How would the property sale proceeds be distributed?
If you as the bankrupt wholly own the property, your bankrupt estate would receive the entire surplus of the property sale, after any mortgagee is paid. If the property is co-owned, the trustee will share the surplus with the solvent co-owner on the basis of the co-owner’s legal entitlement shown on the title deed. Despite the title to a property being held equally, it may be that uneven contributions have been made towards the acquisition or development and in certain cases this may lead to one party holding the property for the other party in a constructive or resultant trust, possibly alter the distribution.
When does the “Doctrine of Exoneration” apply?
The property may be encumbered by a mortgage that secures an advance for the sole benefit of one owner, even though both owners have agreed to the mortgage. This may cause an uneven distribution of the surplus under the “Doctrine of Exoneration”. The Doctrine says that the person who received the benefit of the loan should have the first obligation to repay the loan, and the co-owner should only be considered a guarantor, and their share only be used to meet any shortfall.

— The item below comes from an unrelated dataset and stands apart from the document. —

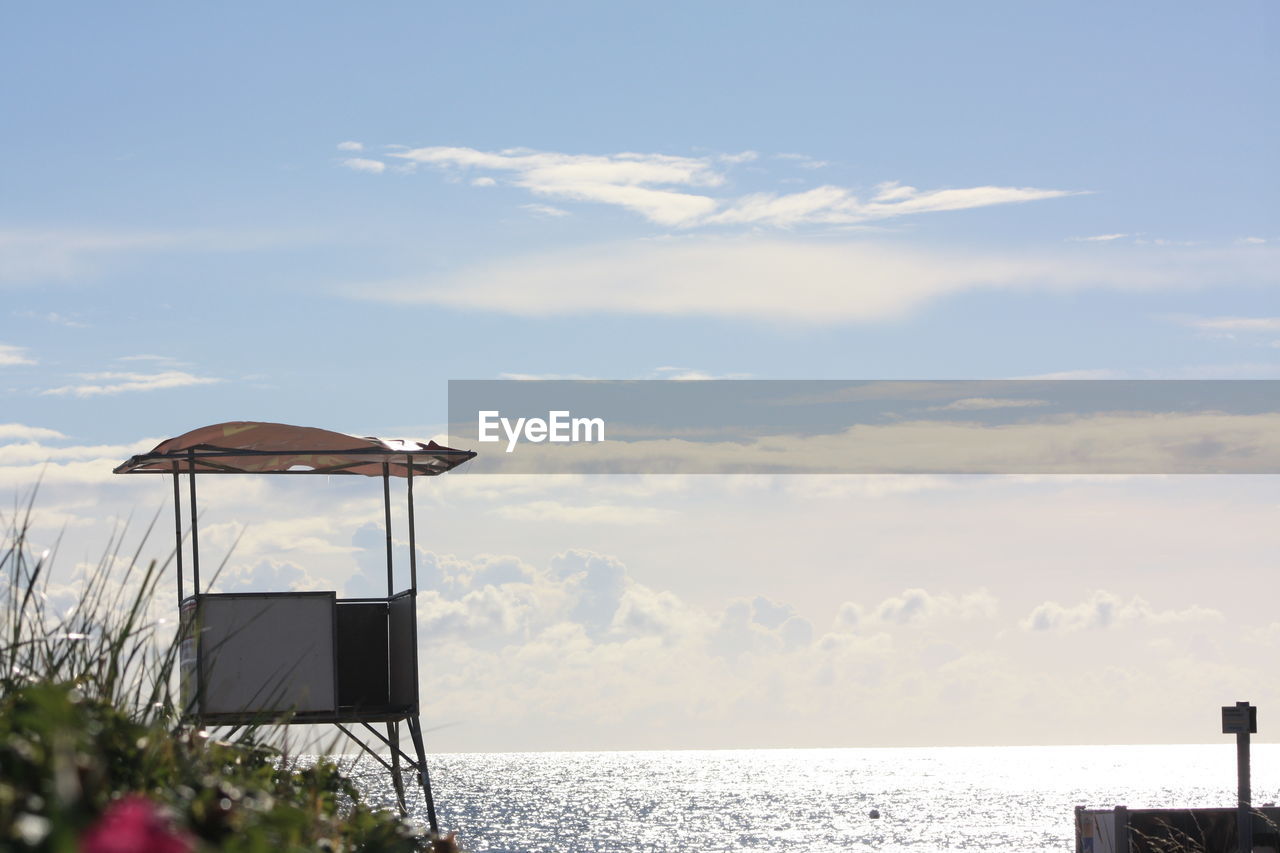 Lifeguard hut at beach against sky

Note however, that the trustee must find compelling evidence that the “Doctrine of Exoneration” ought to apply will not apply it without a full review.
Is there a time frame for realisation of a property?
Section 129AA of the Bankruptcy Act requires trustees to realise property within a period ending six years after the discharge of the bankrupt, generally allowing 9 years to arrange sales. If the trustee does not do so, the property could re-vest in the discharged bankrupt, but the trustee may obtain an extension of this time period. The six-year rule applies only to property disclosed to the trustee; if the property is not disclosed in the bankrupt’s Statement of Affairs or as after-acquired property, the trustee will have 20 years to deal with the property.
What about Bankruptcy and War Service Homes?
The provisions of the Defence Service Homes Act provides under Part X of the Bankruptcy Act that a bankrupt or a debtor cannot have a war service home taken from them, except in extraordinary circumstances.
What happens in the case of joint tenancies?
When one of the parties to a joint tenancy is bankrupt, the tenancy in question is automatically severed. This is due to “Involuntary Alienation”, or the severing of the fundamental legal rights of the parties that are necessary to maintain a joint tenancy. The trigger to the alienation of legal rights is the vesting of the property in the trustee; a long established practice. After the joint tenancy is severed, the interests in the property are held as tenants in common.